> **Exercise requirements**:
Determine the number of lines in the following entries that hold the word "Nike". Give only that number.
====
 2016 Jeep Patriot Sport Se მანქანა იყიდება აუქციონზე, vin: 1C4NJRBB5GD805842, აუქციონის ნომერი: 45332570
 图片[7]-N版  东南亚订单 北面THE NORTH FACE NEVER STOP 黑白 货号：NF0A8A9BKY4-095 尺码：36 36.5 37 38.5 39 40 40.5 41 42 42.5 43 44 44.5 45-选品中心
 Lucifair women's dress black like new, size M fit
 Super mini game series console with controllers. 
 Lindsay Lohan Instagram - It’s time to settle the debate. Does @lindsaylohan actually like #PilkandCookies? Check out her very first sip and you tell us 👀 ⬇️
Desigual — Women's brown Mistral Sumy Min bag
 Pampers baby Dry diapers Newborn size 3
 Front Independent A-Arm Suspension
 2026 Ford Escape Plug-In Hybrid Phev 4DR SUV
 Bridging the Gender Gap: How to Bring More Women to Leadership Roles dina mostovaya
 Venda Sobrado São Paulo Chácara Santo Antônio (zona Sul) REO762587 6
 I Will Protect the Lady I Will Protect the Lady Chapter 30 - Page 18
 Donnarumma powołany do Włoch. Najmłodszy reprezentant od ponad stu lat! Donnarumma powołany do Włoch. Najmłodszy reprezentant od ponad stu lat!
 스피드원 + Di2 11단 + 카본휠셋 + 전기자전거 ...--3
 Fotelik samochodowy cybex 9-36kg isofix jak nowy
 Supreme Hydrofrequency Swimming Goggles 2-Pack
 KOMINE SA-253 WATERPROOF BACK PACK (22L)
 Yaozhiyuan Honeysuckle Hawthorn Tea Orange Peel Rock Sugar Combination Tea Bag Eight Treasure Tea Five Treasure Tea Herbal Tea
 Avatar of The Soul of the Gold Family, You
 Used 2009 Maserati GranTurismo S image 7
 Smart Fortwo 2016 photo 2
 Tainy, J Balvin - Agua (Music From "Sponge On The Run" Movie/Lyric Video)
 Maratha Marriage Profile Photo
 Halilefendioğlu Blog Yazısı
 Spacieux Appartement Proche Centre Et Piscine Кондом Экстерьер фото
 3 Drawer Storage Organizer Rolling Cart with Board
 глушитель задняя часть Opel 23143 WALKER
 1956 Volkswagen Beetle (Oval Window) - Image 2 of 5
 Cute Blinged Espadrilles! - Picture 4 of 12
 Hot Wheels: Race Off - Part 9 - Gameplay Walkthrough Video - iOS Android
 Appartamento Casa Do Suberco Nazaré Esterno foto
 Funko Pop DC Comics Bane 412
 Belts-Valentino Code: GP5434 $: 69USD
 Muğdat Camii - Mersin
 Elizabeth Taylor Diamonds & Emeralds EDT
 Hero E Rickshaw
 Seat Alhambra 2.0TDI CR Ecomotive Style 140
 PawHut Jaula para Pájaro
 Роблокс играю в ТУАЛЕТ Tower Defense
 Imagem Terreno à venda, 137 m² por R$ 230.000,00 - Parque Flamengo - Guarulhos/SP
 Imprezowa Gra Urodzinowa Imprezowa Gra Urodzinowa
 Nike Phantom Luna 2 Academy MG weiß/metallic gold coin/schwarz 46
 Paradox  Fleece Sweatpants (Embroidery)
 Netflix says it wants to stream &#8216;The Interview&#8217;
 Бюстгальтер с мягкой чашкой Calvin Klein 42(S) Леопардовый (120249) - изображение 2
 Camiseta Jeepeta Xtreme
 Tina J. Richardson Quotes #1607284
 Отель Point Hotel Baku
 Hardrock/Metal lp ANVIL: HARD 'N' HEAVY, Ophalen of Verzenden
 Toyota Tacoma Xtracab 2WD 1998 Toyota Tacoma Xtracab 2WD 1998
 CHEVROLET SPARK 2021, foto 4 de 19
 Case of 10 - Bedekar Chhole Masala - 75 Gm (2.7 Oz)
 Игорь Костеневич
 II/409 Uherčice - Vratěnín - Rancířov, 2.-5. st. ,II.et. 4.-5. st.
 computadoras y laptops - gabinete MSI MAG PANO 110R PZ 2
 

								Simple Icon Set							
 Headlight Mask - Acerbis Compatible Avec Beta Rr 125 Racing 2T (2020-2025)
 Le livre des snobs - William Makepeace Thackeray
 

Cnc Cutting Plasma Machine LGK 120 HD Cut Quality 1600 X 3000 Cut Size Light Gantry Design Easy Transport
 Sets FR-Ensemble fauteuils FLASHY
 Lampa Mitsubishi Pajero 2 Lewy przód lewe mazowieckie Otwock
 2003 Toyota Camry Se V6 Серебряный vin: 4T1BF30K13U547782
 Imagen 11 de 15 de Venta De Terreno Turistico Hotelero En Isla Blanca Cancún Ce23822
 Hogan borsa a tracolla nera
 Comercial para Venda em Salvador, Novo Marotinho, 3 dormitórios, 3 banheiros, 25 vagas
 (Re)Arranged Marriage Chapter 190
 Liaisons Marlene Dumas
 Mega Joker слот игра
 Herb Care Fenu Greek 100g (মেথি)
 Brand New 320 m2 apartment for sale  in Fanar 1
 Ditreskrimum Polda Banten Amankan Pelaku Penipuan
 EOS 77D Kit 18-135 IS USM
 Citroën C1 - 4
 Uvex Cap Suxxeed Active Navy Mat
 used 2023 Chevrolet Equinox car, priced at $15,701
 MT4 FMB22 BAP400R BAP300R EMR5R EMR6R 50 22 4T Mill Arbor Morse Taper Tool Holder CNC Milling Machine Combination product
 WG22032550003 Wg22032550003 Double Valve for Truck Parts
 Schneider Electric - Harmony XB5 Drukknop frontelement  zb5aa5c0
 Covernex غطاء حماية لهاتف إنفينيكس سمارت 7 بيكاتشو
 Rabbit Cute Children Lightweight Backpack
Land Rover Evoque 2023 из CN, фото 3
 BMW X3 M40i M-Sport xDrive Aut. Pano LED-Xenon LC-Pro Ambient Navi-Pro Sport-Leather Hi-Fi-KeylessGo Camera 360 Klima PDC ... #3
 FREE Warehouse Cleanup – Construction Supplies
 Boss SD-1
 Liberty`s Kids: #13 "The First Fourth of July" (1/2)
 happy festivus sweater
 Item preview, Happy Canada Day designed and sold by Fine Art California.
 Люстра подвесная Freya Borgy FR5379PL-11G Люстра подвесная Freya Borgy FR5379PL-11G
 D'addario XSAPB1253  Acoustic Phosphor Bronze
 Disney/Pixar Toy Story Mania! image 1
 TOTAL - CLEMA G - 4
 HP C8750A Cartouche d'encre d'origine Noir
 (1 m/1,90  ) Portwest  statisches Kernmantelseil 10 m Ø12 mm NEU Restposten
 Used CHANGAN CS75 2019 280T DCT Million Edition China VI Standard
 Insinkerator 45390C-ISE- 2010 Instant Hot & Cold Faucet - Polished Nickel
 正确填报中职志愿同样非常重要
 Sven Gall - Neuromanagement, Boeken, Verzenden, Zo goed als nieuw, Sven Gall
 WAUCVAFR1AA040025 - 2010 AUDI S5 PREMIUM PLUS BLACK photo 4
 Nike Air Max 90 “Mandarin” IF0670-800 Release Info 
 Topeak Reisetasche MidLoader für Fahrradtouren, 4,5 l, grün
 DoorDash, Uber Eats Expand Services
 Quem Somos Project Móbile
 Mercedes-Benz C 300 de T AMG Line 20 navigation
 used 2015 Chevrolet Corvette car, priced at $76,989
====
> **Answer below**:
2